Mixed feelings

I just finished the show and I liked both seasons for very different reasons, but I'm trying to reconcile some elements from season 2.

The way season 2 ended is so far up my alley that at first I thought it was an all time classic, but the more I think on it the more it all kind of bothers me. For one thing, most of the characters are dropped after Holstrom. Renee and her scheme are ended in one scene, Cary is never seen again, Laurie's boyfriend basically gets a cameo, Justine is never seen again. It's really jarring, and I get that that's the point in a way because that's how Caspian feels, but it's very unsatisfying as a viewer to think back and realise that a lot of characters had a clear narrative direction in season 1 that was just made irrelevant in season 2.

Pope's return was so uneventful that it was almost a joke, but it was also so dramatic that it felt ridiculous. They were culty in season 1, sure, but he was a business man doing business to achieve his goals, with Renee being the violently dedicated one. In season 2 he's an off-grid terrorist?! But he's not on their side because he's going to negotiate with the safesurf program so he can become a UI... Which makes sense to who? Him going that far off the deep end is only there as an excuse to bring Caspian back online, but it didn't need to be Pope doing it. It would have made more sense for it to be that trucker from Sacramento - he's at least erratic, violent and proven not to understand technology! It's just all so bizarrely convoluted just for the sake of including Pope again.

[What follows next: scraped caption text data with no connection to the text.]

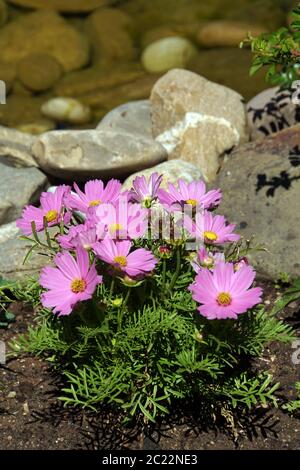 Oder Kosmee Schmuckblume Fiederblättrige Schmuckkörbchen (Cosmos Bipinnatus, Cosmea bipinnata, Bidens Formosa, Coreopsis formosa) Stockfoto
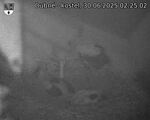 Capi_Dubne_20250630_022502.jpg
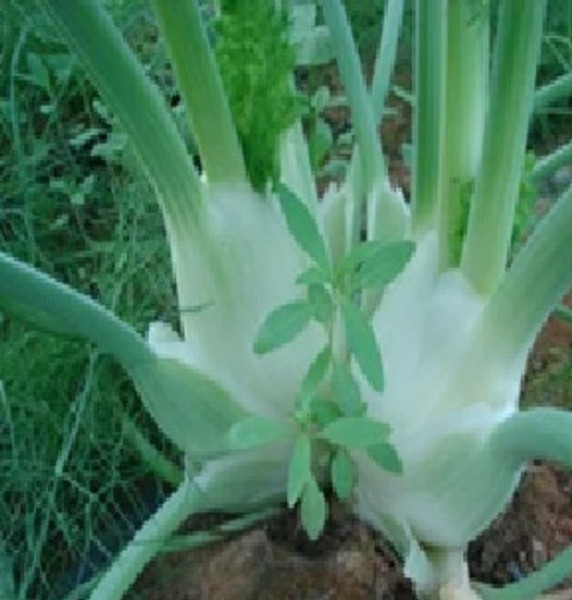 Image of Rootz Organics Fennel 250g — Fresh Anise-Scented Fennel Bulb, Air-Flown from Holland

Maddie's mum uploading wasn't totally impossible to buy, but it did feel like a stretch that was done just to emphasise that everyone was doing it. Which leads into...

That other thing that bothered me was that once the simulation theory was shown, some of the more existentially scary ideas were dropped. We went from "DIE NOW, LIVE FOREVER" graffiti, discussions of the value of simulated life and Chanda's horrific physical death to Maddie just taking over one of her own conciousnesses without a second thought and many people choosing to upload while young without a second thought about it. The show spent so much time being explicit about how you die when you get scanned, and how you leave everyone behind when you physically die, and then in a quarter of a human lifespan half the population has done it? They just wave it off as, "uploaded consciousnesses are alive by our definition," but really avoid the point they've previously made that what wakes up in there is not the original consciousness. It just feels like a weird final direction.

(Of course, that's all totally undercut by the simulation theory being proven true so no real lives were lost, but then not-undercut with Maddie and Caspian choosing to wipe their memories and relive their teens - which is then undercut again if you think about it because they hijack two more simulations of themselves with no regard for those conciousnesses...)

It felt like the creators had an ending planned for the show from the start, then got carried away with telling an actual story for 12 episodes, and were so committed to it that they dropped as much of those earlier characters and discussions as they needed to make sure they got to that ending. I dunno, I still really liked it. Anything that goes that big and then comes to the ultimate resolution that the small parts of our lives are what make it all worth it will touch me deeply, but I feel like the show fumbled getting to that final point.

Explain to me how and why I'm wrong, I guess. I want my story-telling-analysis-brain to agree with my vibes-brain.